US soldiers charged with Iraq murder

Four US soldiers have been charged with murder in the asphyxiation death of an Iraqi general during questioning in Iraq last year.

A two-member US army team interrogated Mawhush

Chief warrant officers Jefferson Williams and Lewis Welshofer Jr, Sergeant 1st Class William Sommer and Specialist Jerry Loper could get life in prison without parole if convicted of the November 2003 death of Major-General Abid Hamid Mawhush, 57, in Qaim, Iraq.

 

The US army at Fort Carson in Colombus said on Monday Welshofer was part of a two-person interrogation team that questioned Mawhush.

 

In May, the US army said the Iraqi general was asphyxiated by chest compression and smothering.

 

Mawhush, a member of the now disbanded Republican Guard’s air defence branch, was captured in a raid in Qaim.

 

Finance

 

A US military spokeswoman said at the time that Mawhush was believed to have been financing attacks on US forces.
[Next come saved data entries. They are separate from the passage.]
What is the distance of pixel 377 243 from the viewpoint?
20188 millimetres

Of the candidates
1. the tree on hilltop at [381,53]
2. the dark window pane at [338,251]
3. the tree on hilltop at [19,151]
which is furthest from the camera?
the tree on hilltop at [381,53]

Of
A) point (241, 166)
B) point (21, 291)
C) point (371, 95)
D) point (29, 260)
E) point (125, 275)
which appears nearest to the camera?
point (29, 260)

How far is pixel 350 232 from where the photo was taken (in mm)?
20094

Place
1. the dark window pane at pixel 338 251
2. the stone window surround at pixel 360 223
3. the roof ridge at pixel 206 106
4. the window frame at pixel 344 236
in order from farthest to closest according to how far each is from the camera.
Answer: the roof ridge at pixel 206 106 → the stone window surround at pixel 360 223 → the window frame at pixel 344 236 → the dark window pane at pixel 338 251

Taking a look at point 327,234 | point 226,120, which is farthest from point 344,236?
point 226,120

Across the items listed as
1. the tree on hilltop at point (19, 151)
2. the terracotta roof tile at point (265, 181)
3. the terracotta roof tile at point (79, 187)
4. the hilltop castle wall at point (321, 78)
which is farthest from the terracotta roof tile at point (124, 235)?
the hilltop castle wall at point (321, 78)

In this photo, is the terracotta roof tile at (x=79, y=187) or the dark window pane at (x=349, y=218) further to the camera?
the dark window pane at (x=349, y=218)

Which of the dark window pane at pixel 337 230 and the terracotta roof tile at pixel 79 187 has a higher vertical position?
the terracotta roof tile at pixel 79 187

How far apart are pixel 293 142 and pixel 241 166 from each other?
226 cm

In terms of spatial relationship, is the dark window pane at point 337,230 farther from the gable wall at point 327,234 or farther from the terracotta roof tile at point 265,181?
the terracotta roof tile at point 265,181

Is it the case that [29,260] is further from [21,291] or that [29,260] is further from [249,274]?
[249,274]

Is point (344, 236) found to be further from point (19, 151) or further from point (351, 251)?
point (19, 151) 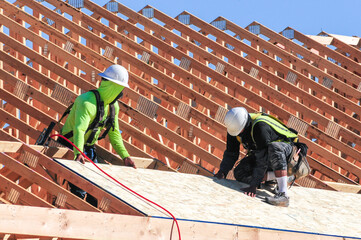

The charge against the four is the latest in a series of similar cases involving US troops.

 

undefined

Some US soldiers have been
charged with murdering Iraqis

In September, a US soldier was sentenced to 25 years in jail for the murder of a member of the US-established Iraqi national guard the previous May.

 

Specialist Federico Merida, found guilty of murder in the town of al-Dawr near Tikrit, was handed one of the heaviest sentences for a US serviceman since the start of the US-led invasion of Iraq.

 

Prior to that, two US soldiers serving in Iraq were charged with premeditated murder in connection with the deaths of three Iraqi civilians.

 

Dereliction of duty

 

The soldiers charged were Sergeant Michael Williams and Specialist Brent May, both members of the 1st Cavalry Division, operating in and around Baghdad, but normally based at Fort Riley in Kansas.

Earlier, US army Captain Rogelio Maynulet, a 29-year-old from Chicago, was charged with murder and dereliction of duty in the 21 May death of a driver of Shia leader Muqtada al-Sadr.

Maynulet has since denied the charge and the case is before a military court at a US base in Germany.